TRY IT — I would like the lines below, from the one with "Used 2017 Nissan" through the one with "Mercedes-Benz Classe C", copied exactly and without any pictures.

---- EXERCISE INPUTS

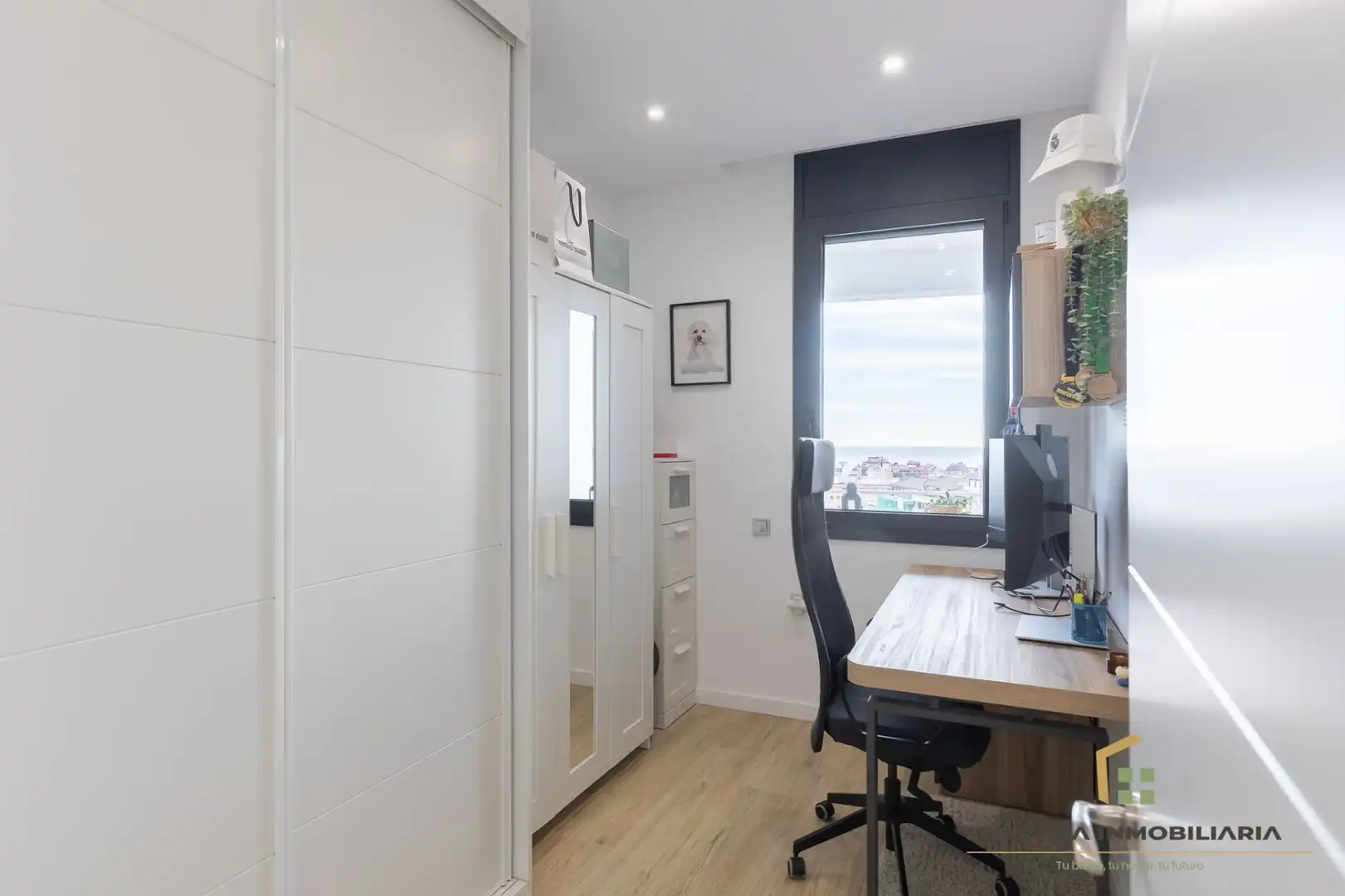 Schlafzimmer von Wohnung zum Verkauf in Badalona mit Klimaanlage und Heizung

--------
---- EXERCISE INPUTS

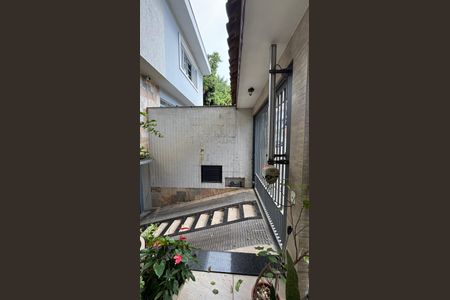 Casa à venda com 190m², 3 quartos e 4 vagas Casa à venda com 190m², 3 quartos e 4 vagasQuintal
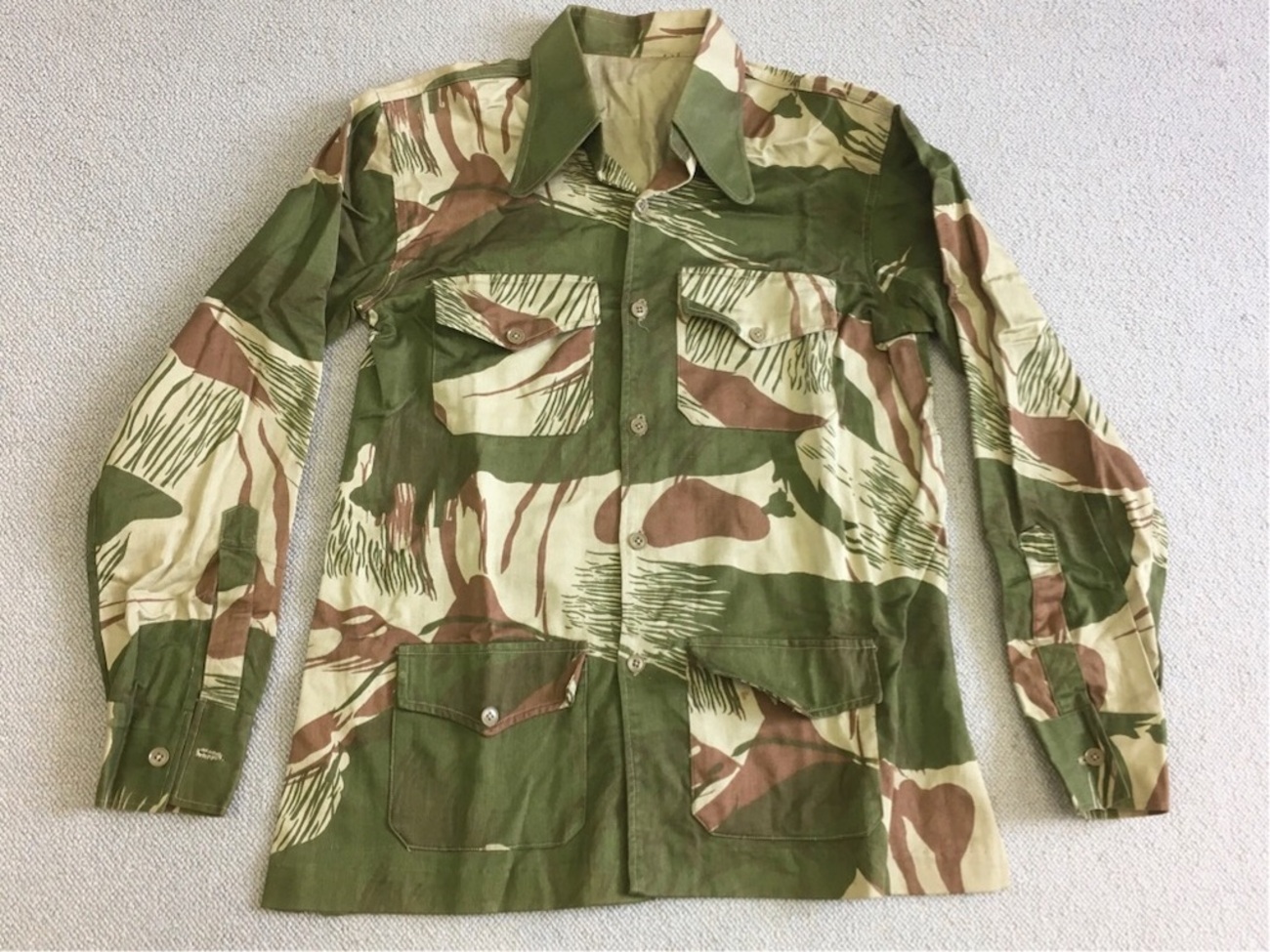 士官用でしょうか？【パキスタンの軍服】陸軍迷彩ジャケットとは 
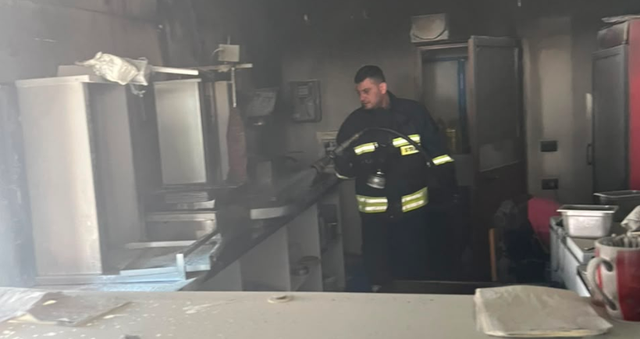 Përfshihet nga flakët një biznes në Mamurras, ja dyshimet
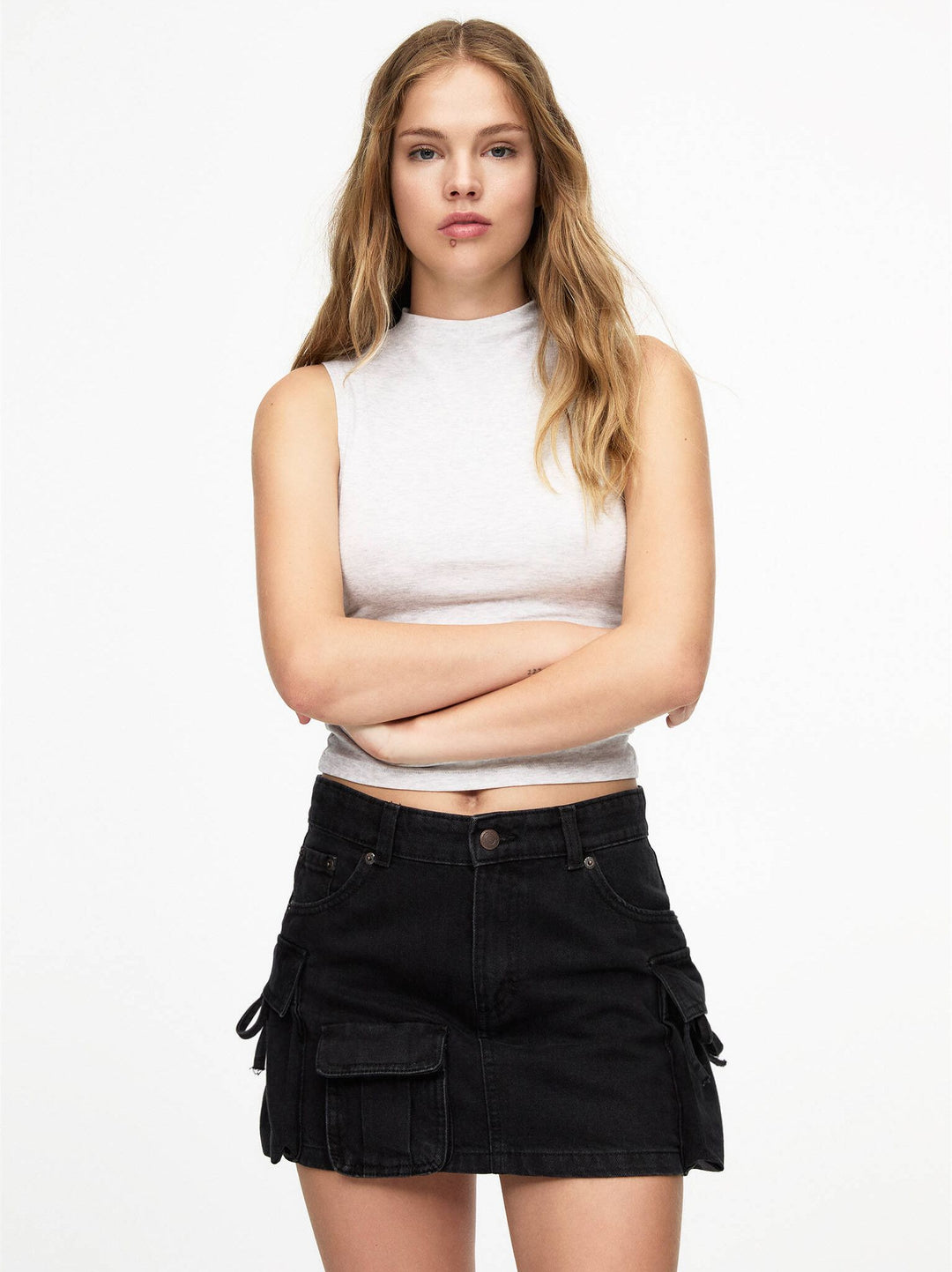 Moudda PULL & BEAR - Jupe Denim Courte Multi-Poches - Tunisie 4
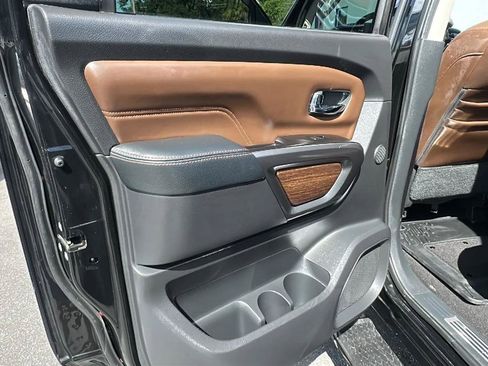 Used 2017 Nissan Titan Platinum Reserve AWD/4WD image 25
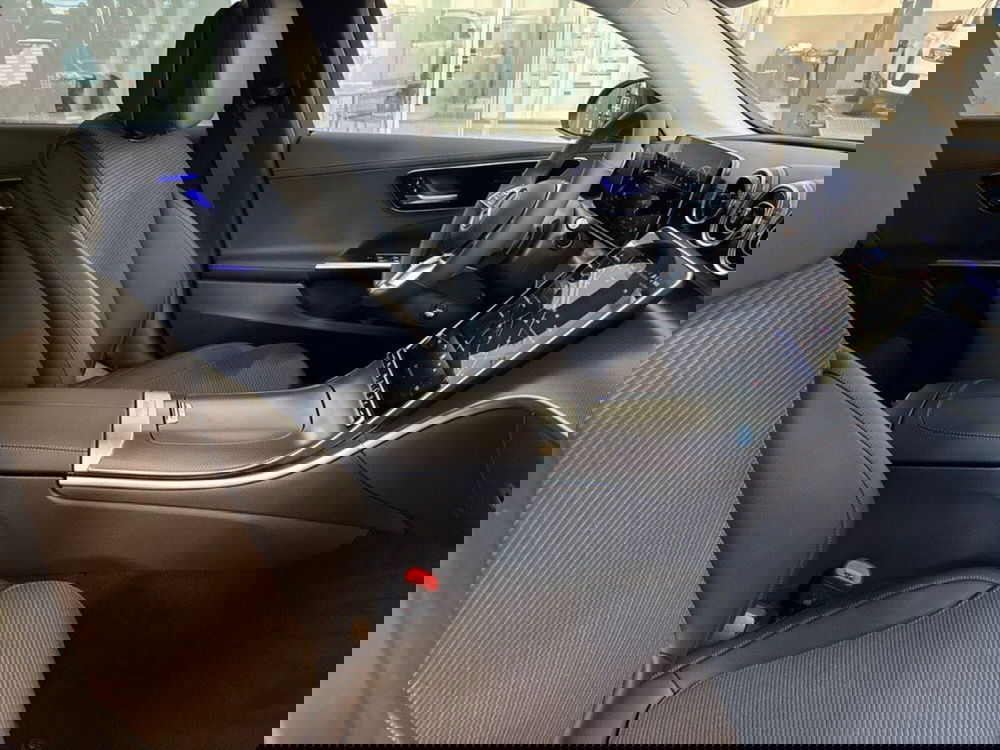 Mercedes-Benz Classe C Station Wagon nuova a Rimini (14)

--------

OUTPUT FOR THIS EXERCISE —
 Used 2017 Nissan Titan Platinum Reserve AWD/4WD image 25
 Mercedes-Benz Classe C Station Wagon nuova a Rimini (14)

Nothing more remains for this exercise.